Producer– Saritha Ann Thomas
Director– Joy Mathew
Cast– Lal, Vinay Forrt, Sreenivasan, Sajitha Madathil, Augustine, Premkumar etc.
Music– Shahabaz Aman & B B Sam
Review By : Unni R Nair (Kerala9.com )
‘Shutter’ is one film which proves that filmmaking is not at all about being prolific or being part of the mainstream. It took Joy Mathew over two and a half decades, after his notable performance in John Abraham’s ‘Amma Ariyaan’, to come out with his debut directorial film. Joy Mathew, who played a key role in the 1986 John Abraham movie and who has been active as a theatre person and activist, gives us a striking and wonderful movie in ‘Shutter’, a film that’s worth many rounds of discussions and critical analysis.

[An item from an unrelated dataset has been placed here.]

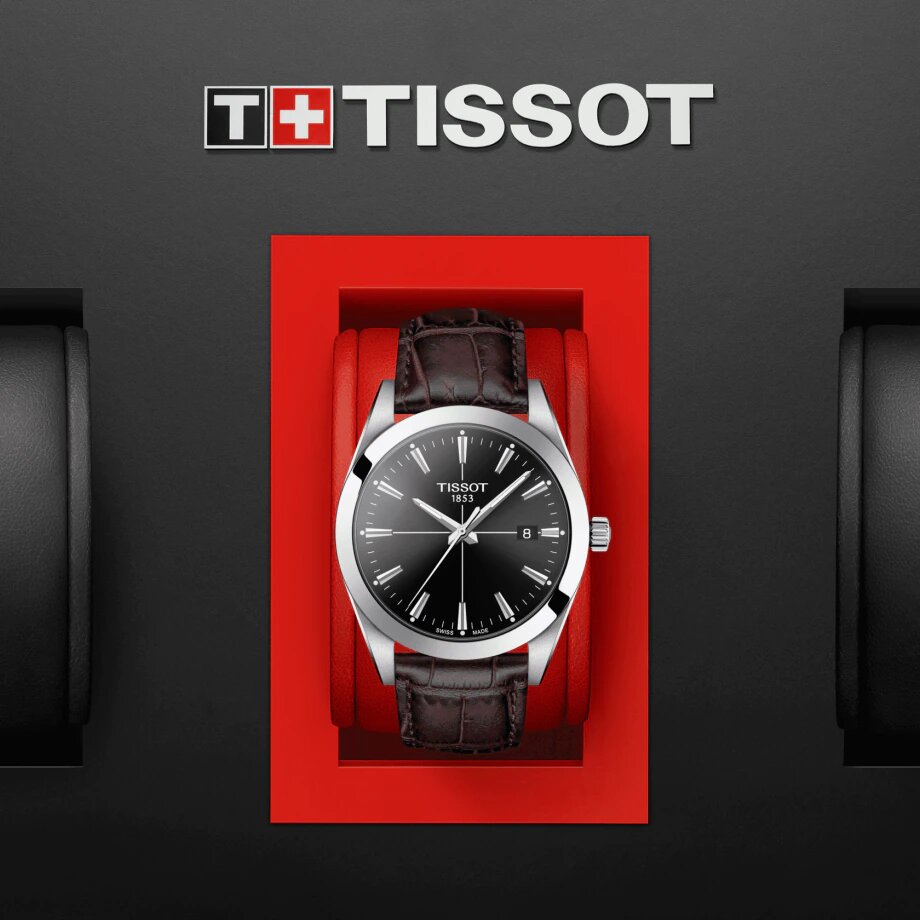 Tissot Gentlemen Black Dial Brown Leather Strap Watch for Men - T127.410.16.051.01 Watches Tissot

‘Shutter’ begins with Suran (Vinay Forrt) going about in his auto-rickshaw, in the city of Kozhikode and then the film moves on to other characters as well. Very soon we meet film-director Manoharan (Sreenivasan), who is gearing up to make his next film, his second one, which he is making after a long gap of time. Manoharan happens to travel in Suran’s auto-rickshaw and forgets his bag in the auto-rickshaw. We meet Rasheed (Lal), who has been in the Gulf and who now gets ready to get his daughter married off, especially since she has boys among her friends and interact with them over cell-phone. Suran is a close aide and friend of Rasheed and as they wander about at night on Suran’s auto-rickshaw, planning to get some booze, they come across a prostitute (Sajitha Madathil). Rasheed makes Suran talk to her and soon she is on Suran’s auto-rickshaw. They move about in search of a hotel room and finally, on finding no place for their nocturnal adventures, decide to settle down in an unused shop room, owned by Rasheed. Suran puts Rasheed and the lady inside the shop, downs the shutter, locks it and goes away, promising to return at midnight with food. The plot develops from here.
‘Shutter’ is not just a story; it’s much more than that. There of course is an element of suspense, handled in a neat way and there are glimpses from life in Kozhikode city, presented realistically and packaged attractively. But it’s something else that forms the crux of the movie’s plot. The film is basically about human relationships, perspectives and changing perspectives. How a few hours, spent behind closed shutters, can change life for you and bring about a drastic shift in one’s perspectives is shown very sensitively. The very complex of human relationships and the innate goodness of human nature is what the film stresses on. All this and much more makes the film stand out as one of the best Malayalam films in recent times.
I could generalize by saying that every member of the cast has done full justice to his or her respective role, but it would be gross injustice if I don’t stop to mention in particular Sajitha Madathil and Vinay Forrt. Sajitha Madathil, who has her own standing as a theatre person and activist and who has acted in some films already, puts in a wonderful performance as the prostitute. Vinay Forrt, whose performance in some of his recent films has been notable, does a neat job of his character. Sreenivasan, as usual, is comfortable with his role. Lal also passes muster as Rasheed.
‘Shutter’ is focused on a story, which has lots of things to narrate. The technical aspects are in tune with the theme and the tempo and there is no point looking for or expecting technical gimmicks in a film like this. Hari Nair’s camerawork, editing by Bijith Bala and art-work by Sunil Kochanur suit the film’s mood.
Music (songs as well as background score) jell well with the totality of the film.
Joy Mathew has done a good and balanced work of the script. The characterization aspect and the way the story evolves has all been handled deftly.
Good work, Joy Mathew. He knows very well what to deliver and how to package and deliver it and does full justice to his job. Congrats!!